Rudy Giuliani’s bankruptcy filing, triggered by a substantial verdict against him for defaming two Georgia election workers, has revealed details about his financial situation.
A federal jury ordered Giuliani to pay $148 million to Ruby Freeman and Shaye Moss for baselessly accusing them of engaging in voter fraud after the 2020 election. This verdict led Giuliani to file for bankruptcy, citing the severe impact on his finances.
The bankruptcy proceeding has provided a glimpse into Giuliani’s financial state, revealing thousands of dollars in taxes and credit card debt.

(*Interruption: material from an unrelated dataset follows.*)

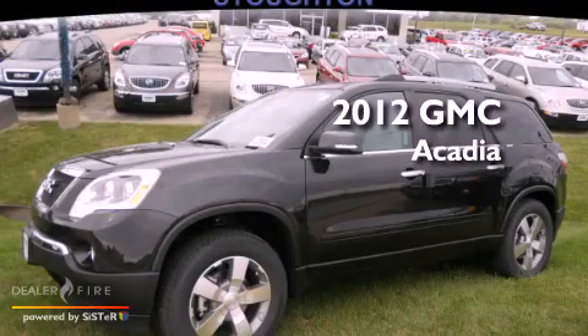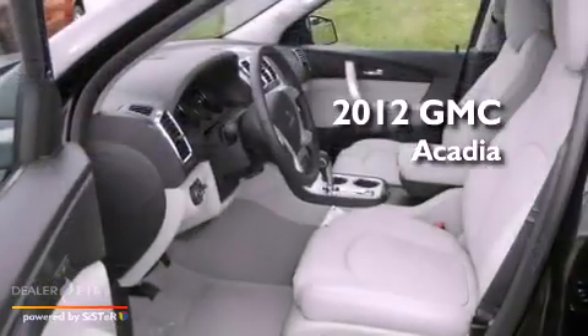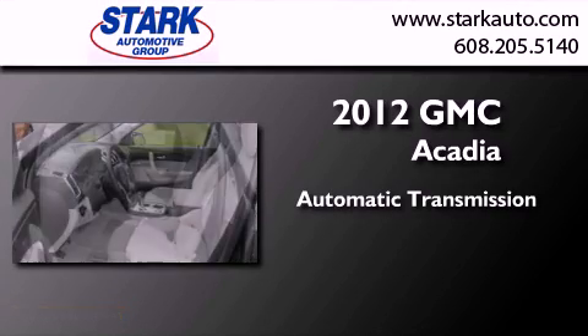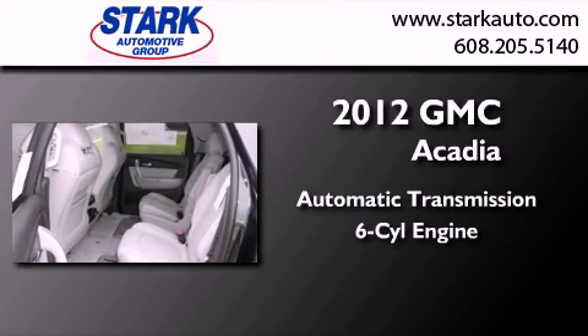This is a brand new 2012 GMC Acadia. This crossover has an automatic transmission, a six-cylinder engine, and the added safety and control of all-wheel drive.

Additionally, Giuliani could potentially owe millions more to voting technology companies Dominion Voting Systems and Smartmatic if he is found to have defamed them as well.
Despite the bankruptcy filing, Giuliani has been granted permission by his bankruptcy judge to appeal the defamation verdict.
This allows him to challenge the ruling while the bankruptcy process unfolds, offering him a legal avenue to address the financial burden imposed by the defamation case.
Giuliani’s financial woes, as highlighted by his bankruptcy filing, underscore the potential consequences of his actions following the 2020 election.
The defamation verdict and its aftermath serve as a cautionary tale for public figures regarding the legal and financial risks of making baseless accusations.